#### INSTRUCTIONS TO FOLLOW
Output all of the material exactly; leave out no line.

==================================================

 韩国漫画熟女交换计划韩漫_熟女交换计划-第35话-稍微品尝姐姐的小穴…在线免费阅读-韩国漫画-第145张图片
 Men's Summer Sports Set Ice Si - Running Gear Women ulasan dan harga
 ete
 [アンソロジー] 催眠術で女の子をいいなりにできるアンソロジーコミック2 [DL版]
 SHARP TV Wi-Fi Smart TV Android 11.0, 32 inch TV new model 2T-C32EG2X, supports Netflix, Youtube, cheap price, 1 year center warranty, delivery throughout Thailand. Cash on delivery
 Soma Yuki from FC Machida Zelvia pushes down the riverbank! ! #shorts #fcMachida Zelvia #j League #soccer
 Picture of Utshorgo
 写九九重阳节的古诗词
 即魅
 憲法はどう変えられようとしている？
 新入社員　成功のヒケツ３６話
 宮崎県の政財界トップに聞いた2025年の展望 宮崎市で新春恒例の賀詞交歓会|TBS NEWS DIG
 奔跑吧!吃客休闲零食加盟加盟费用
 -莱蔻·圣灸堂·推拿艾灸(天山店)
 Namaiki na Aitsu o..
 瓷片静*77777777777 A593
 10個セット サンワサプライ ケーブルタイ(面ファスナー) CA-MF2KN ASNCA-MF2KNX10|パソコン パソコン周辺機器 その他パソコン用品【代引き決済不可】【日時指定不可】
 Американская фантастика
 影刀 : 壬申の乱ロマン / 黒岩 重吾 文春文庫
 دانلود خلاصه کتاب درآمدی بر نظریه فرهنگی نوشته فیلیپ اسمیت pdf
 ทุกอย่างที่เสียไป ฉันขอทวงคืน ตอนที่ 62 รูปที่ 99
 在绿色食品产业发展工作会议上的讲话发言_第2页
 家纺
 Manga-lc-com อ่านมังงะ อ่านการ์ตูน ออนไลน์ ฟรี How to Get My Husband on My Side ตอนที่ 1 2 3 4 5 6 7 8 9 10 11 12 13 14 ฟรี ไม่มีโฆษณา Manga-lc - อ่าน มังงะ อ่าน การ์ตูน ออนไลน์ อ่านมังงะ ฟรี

==================================================

#### RESULT BELOW
 韩国漫画熟女交换计划韩漫_熟女交换计划-第35话-稍微品尝姐姐的小穴…在线免费阅读-韩国漫画-第145张图片
 Men's Summer Sports Set Ice Si - Running Gear Women ulasan dan harga
 ete
 [アンソロジー] 催眠術で女の子をいいなりにできるアンソロジーコミック2 [DL版]
 SHARP TV Wi-Fi Smart TV Android 11.0, 32 inch TV new model 2T-C32EG2X, supports Netflix, Youtube, cheap price, 1 year center warranty, delivery throughout Thailand. Cash on delivery
 Soma Yuki from FC Machida Zelvia pushes down the riverbank! ! #shorts #fcMachida Zelvia #j League #soccer
 Picture of Utshorgo
 写九九重阳节的古诗词
 即魅
 憲法はどう変えられようとしている？
 新入社員　成功のヒケツ３６話
 宮崎県の政財界トップに聞いた2025年の展望 宮崎市で新春恒例の賀詞交歓会|TBS NEWS DIG
 奔跑吧!吃客休闲零食加盟加盟费用
 -莱蔻·圣灸堂·推拿艾灸(天山店)
 Namaiki na Aitsu o..
 瓷片静*77777777777 A593
 10個セット サンワサプライ ケーブルタイ(面ファスナー) CA-MF2KN ASNCA-MF2KNX10|パソコン パソコン周辺機器 その他パソコン用品【代引き決済不可】【日時指定不可】
 Американская фантастика
 影刀 : 壬申の乱ロマン / 黒岩 重吾 文春文庫
 دانلود خلاصه کتاب درآمدی بر نظریه فرهنگی نوشته فیلیپ اسمیت pdf
 ทุกอย่างที่เสียไป ฉันขอทวงคืน ตอนที่ 62 รูปที่ 99
 在绿色食品产业发展工作会议上的讲话发言_第2页
 家纺
 Manga-lc-com อ่านมังงะ อ่านการ์ตูน ออนไลน์ ฟรี How to Get My Husband on My Side ตอนที่ 1 2 3 4 5 6 7 8 9 10 11 12 13 14 ฟรี ไม่มีโฆษณา Manga-lc - อ่าน มังงะ อ่าน การ์ตูน ออนไลน์ อ่านมังงะ ฟรี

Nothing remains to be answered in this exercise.